Our Elf is a welcome visitor. She is not spying on us, sending intel back to Santa about our kids being naughty or nice. She is basically an advent calendar, giving the kids a little something in their stockings every day. Usually the little something is from an actual advent calendar, with the 24 little cardboard doors. But our kids (our soon really) can’t handle seeing all the little doors there like that, so Heart makes it easier by giving them a little something each day, without the visual access to what is waiting in the wings.

For our kids (again, at this point our son), who get very worked up about Christmas, it helps take the edge off of waiting for the big day to finally arrive. It’s also fun to look for Heart and Toots every morning. It’s just something to look forward to during the final month of the year.

I was struggling to explain our Elf to a friend the other day (who thought they were all supposed to be surveillance agents), and I wish I’d had this tweet:

Oh my god yes! This is exactly what our Elf does – she gives us a little hit of surprise and delight every day, to take an edge off the expectation. I’m sure some would argue it’s not a productive exercise, but it’s one month out of the year and I’m going to revel in it.

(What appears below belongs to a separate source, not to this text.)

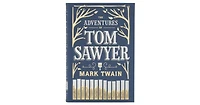 The Adventures of Tom Sawyer (Barnes & Noble Collectible Editions) by Mark Twain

Do you have an Elf on the Shelf? Do you enjoy an advent calendar to microdose Christmas?

It came! (And it’s STUNNING!)

It came! And it’s STUNNING!

SQUEEE!!!!

Christmas DEFINITELY came early. I cannot WAIT to read this book. I ADORE Brené Brown and as a linguistics geek (I majored in Linguistics at Berkeley), the idea of “mapping meaningful connection and the language of human experience” is, well, incredible.

Also this books has shiny paper (I LOVE shiny paper) and lots of color photographs! It’s not like any of her other books. It’s truly beautiful. I will definitely be gifting it to people.

I really and truly cannot wait to read this. I hope I can find the time! I’ll probably be pushing things that need to get done to the margins to do it, but that will have to be okay.

Tonight I’m really tired. So, so tired. I find Tuesdays to be hard days, not because of anything specific at school, I just think physically I can ride out Monday pretty well, but Tuesday is when the weekend hangover (later nights and later wake ups) hits me.

And I have a lot to do. I just found out we don’t even have school on Friday the 17th. And Thursday the 16th is an early release day. This is great! But it truly messes with my meticulous planning and now I’m not sure how I’m going to make it all fit before the longest break of the year. I have a lot of work to do tomorrow.

But in the meantime I’ll be reading Atlas of the Heart. Squee!!!!